The Short Story
I have written a multilevel model that includes normal and gamma distributions, and it does really well at retrodicting (i.e. recovering) the “true” parameters from simulated data. However, for one parameter is does a bad job at retrodiction. No matter what the true parameters are in the simulated data, the estimator is too high. This is not a result of overinformative priors, nor the result of lower-level estimators. Therefore, there is some kind of “bias” or consistent error in my Bayesian estimator, and I don’t know how to approach fixing it. I would love some help or references to literature on the subject to try to resolve this. Thank you!
The Longer Story
I am looking at the calls that individual frogs in a population make to understand how they are distributed for an evolutionary model. Each frog has a repertoire—a normal distribution of frequencies—which is parameterized by a peak frequency (the mean of the normal distribution, \overline x) and a repretoire width (the standard deviation of the normal distribution, s). I am trying to derive parameters that describe the population’s distribution of repertoire parameters. If the model were very simple, this would be the mean and standard deviation of each of the peak and width of frog repertoires (i.e. a bivariate normal distribution). However, because s must be positive, we have to use gamma distributions in the place of normal distributions, and this makes life a bit harder.

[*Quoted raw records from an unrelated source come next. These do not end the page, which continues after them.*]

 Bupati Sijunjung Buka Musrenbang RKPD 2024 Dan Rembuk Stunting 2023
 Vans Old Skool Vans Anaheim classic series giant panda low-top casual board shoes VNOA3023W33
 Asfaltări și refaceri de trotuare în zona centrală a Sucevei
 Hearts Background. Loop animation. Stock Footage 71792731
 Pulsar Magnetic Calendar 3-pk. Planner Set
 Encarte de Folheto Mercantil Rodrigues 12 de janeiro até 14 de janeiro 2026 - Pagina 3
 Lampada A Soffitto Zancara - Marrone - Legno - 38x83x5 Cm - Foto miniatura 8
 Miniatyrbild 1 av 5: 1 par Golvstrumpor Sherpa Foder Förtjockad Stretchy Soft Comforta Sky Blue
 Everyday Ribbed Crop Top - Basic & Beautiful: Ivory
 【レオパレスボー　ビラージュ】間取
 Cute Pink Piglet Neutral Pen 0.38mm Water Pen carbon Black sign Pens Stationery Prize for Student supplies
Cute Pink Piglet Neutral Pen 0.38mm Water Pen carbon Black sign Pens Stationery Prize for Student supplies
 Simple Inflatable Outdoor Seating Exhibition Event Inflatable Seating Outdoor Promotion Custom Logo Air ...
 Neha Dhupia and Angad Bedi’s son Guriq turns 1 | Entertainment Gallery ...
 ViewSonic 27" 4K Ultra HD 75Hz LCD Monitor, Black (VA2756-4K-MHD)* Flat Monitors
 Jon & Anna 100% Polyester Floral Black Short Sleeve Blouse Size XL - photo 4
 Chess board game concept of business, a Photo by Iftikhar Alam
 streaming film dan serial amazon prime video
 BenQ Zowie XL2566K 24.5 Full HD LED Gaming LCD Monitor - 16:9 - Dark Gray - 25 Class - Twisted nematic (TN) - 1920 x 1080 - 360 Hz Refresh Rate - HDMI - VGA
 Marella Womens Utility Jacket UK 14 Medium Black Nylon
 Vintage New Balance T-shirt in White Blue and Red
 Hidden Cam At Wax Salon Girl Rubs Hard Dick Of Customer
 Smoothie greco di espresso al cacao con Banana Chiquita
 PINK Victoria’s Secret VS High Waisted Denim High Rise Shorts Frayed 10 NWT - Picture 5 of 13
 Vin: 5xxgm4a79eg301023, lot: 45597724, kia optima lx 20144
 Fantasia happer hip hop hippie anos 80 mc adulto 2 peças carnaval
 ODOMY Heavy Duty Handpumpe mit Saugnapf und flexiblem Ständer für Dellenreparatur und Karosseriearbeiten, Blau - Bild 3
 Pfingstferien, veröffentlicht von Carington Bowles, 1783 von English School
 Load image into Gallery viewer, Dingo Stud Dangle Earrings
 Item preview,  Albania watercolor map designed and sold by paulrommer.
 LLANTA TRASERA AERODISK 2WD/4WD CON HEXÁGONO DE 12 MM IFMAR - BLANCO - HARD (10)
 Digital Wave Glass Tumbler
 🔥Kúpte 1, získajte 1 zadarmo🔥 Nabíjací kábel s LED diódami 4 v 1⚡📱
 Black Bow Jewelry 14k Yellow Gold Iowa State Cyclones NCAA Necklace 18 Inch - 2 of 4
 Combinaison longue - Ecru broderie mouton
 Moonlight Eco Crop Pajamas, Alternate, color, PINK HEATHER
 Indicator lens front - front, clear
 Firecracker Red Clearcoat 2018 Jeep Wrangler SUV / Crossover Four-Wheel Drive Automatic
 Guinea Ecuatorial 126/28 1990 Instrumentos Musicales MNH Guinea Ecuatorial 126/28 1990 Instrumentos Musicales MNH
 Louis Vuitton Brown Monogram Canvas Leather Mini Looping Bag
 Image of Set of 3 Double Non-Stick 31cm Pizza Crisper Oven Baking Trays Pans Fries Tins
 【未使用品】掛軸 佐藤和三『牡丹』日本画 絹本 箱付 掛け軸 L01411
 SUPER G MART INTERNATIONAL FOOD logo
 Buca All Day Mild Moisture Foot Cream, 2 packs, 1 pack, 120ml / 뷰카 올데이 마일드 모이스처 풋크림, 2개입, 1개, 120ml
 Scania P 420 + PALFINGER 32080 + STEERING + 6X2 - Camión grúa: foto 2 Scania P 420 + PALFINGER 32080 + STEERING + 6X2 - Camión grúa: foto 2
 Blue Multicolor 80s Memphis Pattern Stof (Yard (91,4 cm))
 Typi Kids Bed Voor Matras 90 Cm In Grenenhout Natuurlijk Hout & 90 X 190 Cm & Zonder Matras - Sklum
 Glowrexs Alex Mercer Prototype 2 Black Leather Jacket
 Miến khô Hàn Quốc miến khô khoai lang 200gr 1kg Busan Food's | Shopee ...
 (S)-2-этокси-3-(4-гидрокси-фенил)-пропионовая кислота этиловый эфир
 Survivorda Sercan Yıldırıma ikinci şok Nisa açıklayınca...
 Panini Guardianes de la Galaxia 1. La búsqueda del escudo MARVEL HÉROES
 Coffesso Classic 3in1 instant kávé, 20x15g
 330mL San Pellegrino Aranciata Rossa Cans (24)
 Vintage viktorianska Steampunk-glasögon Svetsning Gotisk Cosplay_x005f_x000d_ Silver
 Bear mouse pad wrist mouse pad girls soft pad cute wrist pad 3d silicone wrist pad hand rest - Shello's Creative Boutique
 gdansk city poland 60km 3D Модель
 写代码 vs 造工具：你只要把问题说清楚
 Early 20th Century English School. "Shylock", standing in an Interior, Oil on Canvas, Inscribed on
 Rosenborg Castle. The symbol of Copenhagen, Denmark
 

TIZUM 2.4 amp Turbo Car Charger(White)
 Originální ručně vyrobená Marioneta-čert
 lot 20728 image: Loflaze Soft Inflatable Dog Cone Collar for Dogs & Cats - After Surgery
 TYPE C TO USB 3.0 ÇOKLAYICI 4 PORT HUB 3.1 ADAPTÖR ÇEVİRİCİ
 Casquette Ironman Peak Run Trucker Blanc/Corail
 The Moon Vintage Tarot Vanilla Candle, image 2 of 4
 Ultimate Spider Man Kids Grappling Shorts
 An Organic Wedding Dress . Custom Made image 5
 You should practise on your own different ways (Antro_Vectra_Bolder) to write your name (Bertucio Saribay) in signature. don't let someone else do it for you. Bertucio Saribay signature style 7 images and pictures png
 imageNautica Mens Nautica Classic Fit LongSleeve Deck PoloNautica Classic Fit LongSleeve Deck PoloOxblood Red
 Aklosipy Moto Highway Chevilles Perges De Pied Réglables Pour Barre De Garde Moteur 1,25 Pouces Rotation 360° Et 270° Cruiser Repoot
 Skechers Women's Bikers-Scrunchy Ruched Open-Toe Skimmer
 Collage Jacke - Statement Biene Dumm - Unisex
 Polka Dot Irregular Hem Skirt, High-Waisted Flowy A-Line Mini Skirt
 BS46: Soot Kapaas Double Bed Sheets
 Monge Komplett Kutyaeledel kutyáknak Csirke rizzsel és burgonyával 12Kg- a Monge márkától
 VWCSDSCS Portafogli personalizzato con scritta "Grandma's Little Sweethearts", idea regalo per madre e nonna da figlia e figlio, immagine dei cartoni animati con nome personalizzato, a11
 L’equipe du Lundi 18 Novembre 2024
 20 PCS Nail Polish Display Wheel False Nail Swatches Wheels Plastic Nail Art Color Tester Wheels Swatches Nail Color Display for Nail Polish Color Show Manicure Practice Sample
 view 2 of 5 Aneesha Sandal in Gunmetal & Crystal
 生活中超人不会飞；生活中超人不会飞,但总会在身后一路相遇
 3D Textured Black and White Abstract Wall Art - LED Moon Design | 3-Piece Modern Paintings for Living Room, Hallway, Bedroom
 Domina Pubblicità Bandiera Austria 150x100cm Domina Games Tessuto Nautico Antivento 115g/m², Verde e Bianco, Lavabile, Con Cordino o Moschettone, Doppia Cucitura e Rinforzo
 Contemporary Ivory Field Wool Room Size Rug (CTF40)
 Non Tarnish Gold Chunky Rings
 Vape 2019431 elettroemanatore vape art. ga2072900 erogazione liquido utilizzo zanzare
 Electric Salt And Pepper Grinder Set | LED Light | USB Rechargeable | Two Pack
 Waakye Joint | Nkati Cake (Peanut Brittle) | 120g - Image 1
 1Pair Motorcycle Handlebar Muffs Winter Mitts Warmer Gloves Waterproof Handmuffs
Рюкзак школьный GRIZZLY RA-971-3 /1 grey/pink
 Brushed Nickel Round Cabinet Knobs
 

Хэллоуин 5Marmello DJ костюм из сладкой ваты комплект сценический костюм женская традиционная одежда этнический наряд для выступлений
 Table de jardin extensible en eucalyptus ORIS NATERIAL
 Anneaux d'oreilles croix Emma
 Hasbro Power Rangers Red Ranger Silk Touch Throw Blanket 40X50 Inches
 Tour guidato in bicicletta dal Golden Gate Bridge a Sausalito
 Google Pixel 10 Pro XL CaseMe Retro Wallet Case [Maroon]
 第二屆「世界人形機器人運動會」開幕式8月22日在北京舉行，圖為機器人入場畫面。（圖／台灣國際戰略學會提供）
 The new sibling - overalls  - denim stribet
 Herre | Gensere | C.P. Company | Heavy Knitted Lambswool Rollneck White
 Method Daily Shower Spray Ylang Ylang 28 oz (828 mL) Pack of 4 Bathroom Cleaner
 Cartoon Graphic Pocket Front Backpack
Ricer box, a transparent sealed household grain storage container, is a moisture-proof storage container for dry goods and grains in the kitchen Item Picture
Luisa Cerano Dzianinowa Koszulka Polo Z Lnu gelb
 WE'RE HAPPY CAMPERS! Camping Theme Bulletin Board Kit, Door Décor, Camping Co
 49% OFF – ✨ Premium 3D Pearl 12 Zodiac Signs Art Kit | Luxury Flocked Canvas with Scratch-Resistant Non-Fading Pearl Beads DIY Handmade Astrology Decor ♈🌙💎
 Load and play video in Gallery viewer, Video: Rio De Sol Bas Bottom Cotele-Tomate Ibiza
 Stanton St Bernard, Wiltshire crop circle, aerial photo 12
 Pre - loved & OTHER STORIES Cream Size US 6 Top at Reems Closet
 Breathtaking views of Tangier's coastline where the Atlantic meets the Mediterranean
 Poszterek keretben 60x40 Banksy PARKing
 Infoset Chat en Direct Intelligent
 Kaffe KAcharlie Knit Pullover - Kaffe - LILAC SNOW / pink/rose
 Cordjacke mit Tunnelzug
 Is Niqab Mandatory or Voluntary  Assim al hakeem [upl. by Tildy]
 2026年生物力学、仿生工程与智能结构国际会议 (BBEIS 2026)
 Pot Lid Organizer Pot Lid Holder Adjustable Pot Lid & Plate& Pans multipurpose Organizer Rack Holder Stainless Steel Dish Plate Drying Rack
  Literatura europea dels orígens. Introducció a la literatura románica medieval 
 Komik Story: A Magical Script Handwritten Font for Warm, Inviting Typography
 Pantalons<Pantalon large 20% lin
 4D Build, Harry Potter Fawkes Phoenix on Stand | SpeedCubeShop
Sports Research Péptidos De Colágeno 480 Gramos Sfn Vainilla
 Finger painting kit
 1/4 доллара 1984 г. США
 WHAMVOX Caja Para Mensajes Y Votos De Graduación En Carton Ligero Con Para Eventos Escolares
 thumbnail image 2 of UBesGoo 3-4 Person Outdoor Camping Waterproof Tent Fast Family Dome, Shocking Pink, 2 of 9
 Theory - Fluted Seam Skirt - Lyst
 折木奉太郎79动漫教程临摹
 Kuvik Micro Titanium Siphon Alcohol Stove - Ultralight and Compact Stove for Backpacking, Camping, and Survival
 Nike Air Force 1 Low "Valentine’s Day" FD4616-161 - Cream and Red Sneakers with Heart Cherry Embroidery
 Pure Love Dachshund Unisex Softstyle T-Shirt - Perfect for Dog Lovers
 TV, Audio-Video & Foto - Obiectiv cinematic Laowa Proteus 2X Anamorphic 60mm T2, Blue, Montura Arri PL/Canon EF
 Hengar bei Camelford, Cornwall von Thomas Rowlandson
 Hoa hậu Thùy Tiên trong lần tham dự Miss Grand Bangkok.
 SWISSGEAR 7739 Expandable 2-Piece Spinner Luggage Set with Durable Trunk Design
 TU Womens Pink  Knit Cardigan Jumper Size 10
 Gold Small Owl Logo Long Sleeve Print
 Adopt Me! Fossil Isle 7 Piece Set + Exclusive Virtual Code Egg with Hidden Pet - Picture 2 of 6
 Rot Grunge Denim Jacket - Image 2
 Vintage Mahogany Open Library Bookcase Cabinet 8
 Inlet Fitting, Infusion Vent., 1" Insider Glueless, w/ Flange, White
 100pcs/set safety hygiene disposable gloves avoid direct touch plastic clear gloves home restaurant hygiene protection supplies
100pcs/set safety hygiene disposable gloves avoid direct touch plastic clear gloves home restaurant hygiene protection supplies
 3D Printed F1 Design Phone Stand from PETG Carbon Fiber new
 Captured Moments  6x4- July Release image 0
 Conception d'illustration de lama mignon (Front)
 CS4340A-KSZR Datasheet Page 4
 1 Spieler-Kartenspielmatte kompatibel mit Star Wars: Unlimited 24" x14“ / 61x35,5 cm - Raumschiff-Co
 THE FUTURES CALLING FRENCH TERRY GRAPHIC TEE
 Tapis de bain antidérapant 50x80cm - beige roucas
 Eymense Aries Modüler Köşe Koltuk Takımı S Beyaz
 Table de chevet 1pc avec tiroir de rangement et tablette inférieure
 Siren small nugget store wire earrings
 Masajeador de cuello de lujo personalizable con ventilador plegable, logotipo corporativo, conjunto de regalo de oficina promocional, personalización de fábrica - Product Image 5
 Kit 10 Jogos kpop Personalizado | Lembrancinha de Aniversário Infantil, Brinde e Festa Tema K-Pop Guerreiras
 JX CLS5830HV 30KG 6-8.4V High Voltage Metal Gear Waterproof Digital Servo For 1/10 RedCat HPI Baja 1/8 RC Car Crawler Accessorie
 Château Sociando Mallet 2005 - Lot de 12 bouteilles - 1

I have the following model:
x_i\sim\mathcal N(\overline x_{\textrm{frog}[i]}, s_{\textrm{frog}[i]}) // The calls produced by a frog follow that frog’s inherent normal distribution
\overline x_j\sim\mathcal N(\mu, \sigma) // The peak frequencies of frog repertoires in the population follows a normal distribution with a mean \mu and standard deviation \sigma
s_j\sim\mathcal G(\gamma, \gamma/\nu) // The widths of frog repertoires in the population follow a gamma distribution with shape \gamma and rate \gamma/\nu — the mean of this distribution is \nu, and the standard deviation of this distribution is \nu/\sqrt{\gamma}.
The main issue I’m facing is that the model retrodicts \gamma incredibly well, but totally whiffs it for \nu. Here’s a plot of the posteriors for each population (all populations are fit independently in a single MCMC run).
And as I move the true values of \nu that go into the simulated data, the posteriors move so that they are just too far right of the “true” values.
What’s strange is that it also does really well for s, which is the “data” that goes into fitting \nu and \gamma:
I suppose on some level this makes sense, because \gamma would not be fit well if s were not fitting well.
The traceplots look good:
And the density overlays are all similar:
Autocorrelation seems weirdly high in \mu and \sigma (which is concerning), but for \nu which actually faces tangible fitting problems, and for \gamma, autocorrelation drops off quickly:
A pairwise correlation plot for each variable shows that each parameter is explored independently of all others.
I wondered if this was happening because s of \gamma were too low at the beginning of the chains, and thus this was causing \textbf P(\nu|\gamma, s)\propto\exp(-\gamma s/\nu) values too be too high for larger values of \nu. So I ran my chains for 6k iterations with 3k warmup, and it didn’t change anything.
In case it makes a difference, I’m running my analyses with adapt_delta=0.975
and max_treedepth=12
. Thank you in advance for any of your ideas! And I’m happy to include any more information you’d like as well.
data {
int nCall; // number of calls
int nFrog; // number of frogs
int nPopulation; // number of populations
array[nCall] int frog; // group indicator for frogs
array[nFrog] int population; // group indicator for populations
vector[nCall] x; // peak frequency of each call
}
parameters {
vector[nPopulation] mu; // Population average of peak
vector<lower=0>[nPopulation] sigma; // Population std of peak
vector<lower=0>[nPopulation] nu; // Population average of width
vector<lower=0>[nPopulation] gamma; // Population std of width
vector[nFrog] xbar_raw; // Frog peaks
vector<lower=0>[nFrog] s; // Frog widths
}
transformed parameters {
vector[nFrog] xbar;
for (j in 1:nFrog)
xbar[j] = mu[population[j]] + sigma[population[j]] * xbar_raw[j]; // Non-centered parameterization of xbar
}
model {
// Population-level parameters
mu ~ normal(4500, 300);
sigma ~ gamma(4, 0.01); // mean = 400, std dev = 200
nu ~ gamma(1.56, 0.006); // mean = 275, std dev = 225
gamma ~ gamma(1.6, 0.5); // gives lambda = nu/sqrt(gamma)
// mean 200 and std dev 100
// Individual-level parameters
xbar_raw ~ normal(0, 1);
for (j in 1:nFrog)
s[j] ~ gamma(gamma[population[j]], gamma[population[j]]/nu[population[j]]);
// Call-level likelihood
x ~ normal(xbar[frog], s[frog]);
}
generated quantities {
vector[nPopulation] lambda;
for (k in 1:nPopulation)
lambda[k] = nu[k]/sqrt(gamma[k]); // The standard deviation of s ~ gamma(gamma, gamma/nu)
}